How to fix recidivism risk models
Yesterday I wrote a post about the unsurprising discriminatory nature of recidivism models. Today I want to add to that post with an important goal in mind: we should fix recidivism models, not trash them altogether.
The truth is, the current justice system is fundamentally unfair, so throwing out algorithms because they are also unfair is not a solution. Instead, let’s improve the algorithms and then see if judges are using them at all.
The great news is that the paper I mentioned yesterday has three methods to do just that, and in fact there are plenty of papers that address this question with various approaches that get increasingly encouraging results. Here are brief descriptions of the three approaches from the paper:
- Massaging the training data. In this approach the training data is adjusted so that it has less bias.
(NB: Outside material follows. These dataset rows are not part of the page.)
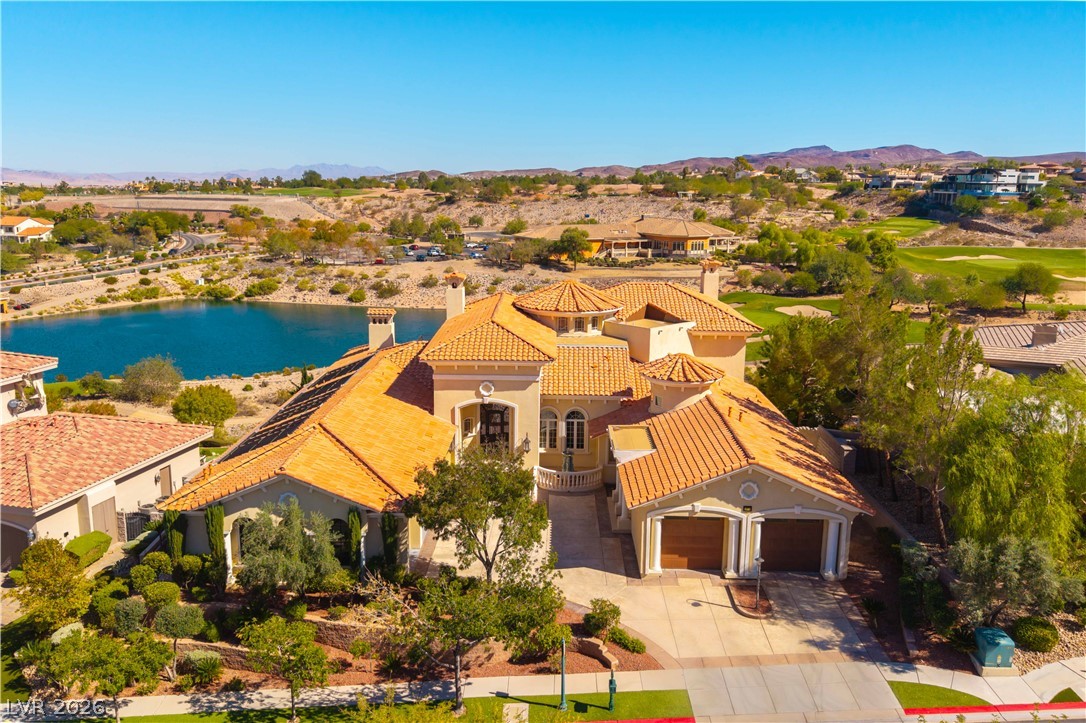 2874 Quartz Canyon Drive Henderson NV 89052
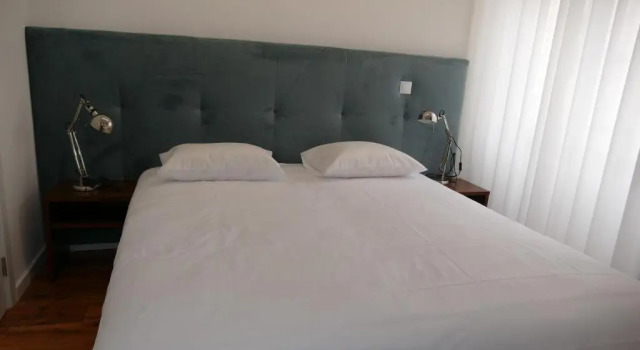 Номер Standard Guest House Eça - Centro Histórico Leiria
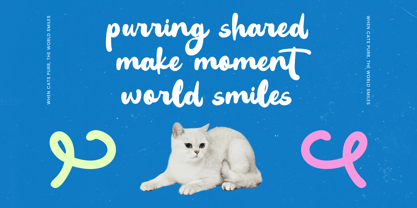 Create Paint Font Poster 7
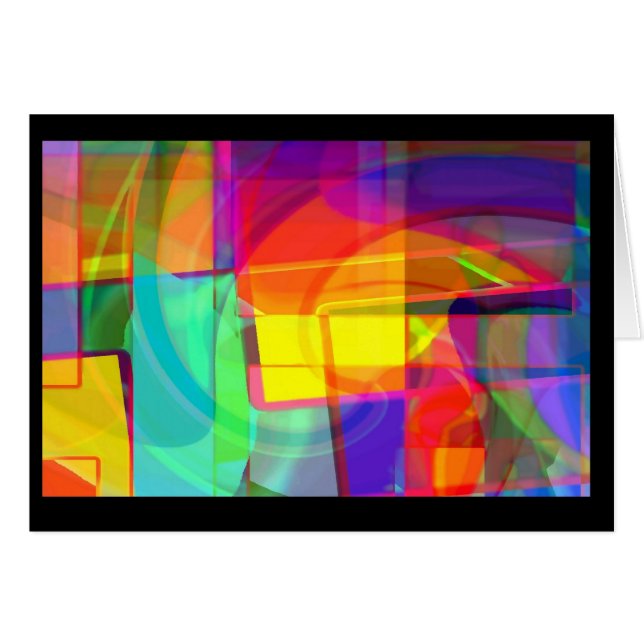 Whirlwind Tour (Front Horizontal)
In particular, the choice of classification is switched for some people in the preferred population from + to -, i.e. from the good outcome to the bad outcome, and there are similar switches for some people in the discriminated population from – to +. The paper explains how to choose these switches carefully (in the presence of continuous scorings with thresholds).
- Reweighing the training data. The idea here is that with certain kinds of models, you can give weights to training data, and with a carefully chosen weighting system you can adjust for bias.
- Sampling the training data. This is similar to reweighing, where the weights will be nonnegative integer values.
In all of these examples, the training data is “preprocessed” so that you can train a model on “unbiased” data, and importantly, at the time of usage, you will not need to know the status of the individual you’re scoring. This is, I understand, a legally a critical assumption, since there are anti-discrimination laws which forbid you to “consider” the race of someone when deciding whether to hire them or so on.
In other words, we’re constrained by anti-discrimination law to not use all the information that might help us avoid discrimination. This constraint, generally speaking, prevents us from doing as good a job as possible.
- We might not think that we need to “remove all the discrimination.” Maybe we stratify the data by violent crime convictions first, and then within each resulting bin we work to remove discrimination.
- We might also use the racial and class discrepancies in recidivism risk rates as an opportunity to experiment with interventions that might lower those discrepancies. In other words, why are there discrepancies, and what can we do to diminish them?
- In other words, I do not claim that this is a trivial process. It will in fact require lots of conversations about the nature of justice and the goals of sentencing. Those are conversations we should have.
- Moreover, there’s the question of balancing the conflicting goals of various stakeholders which makes this an even more complicated ethical question.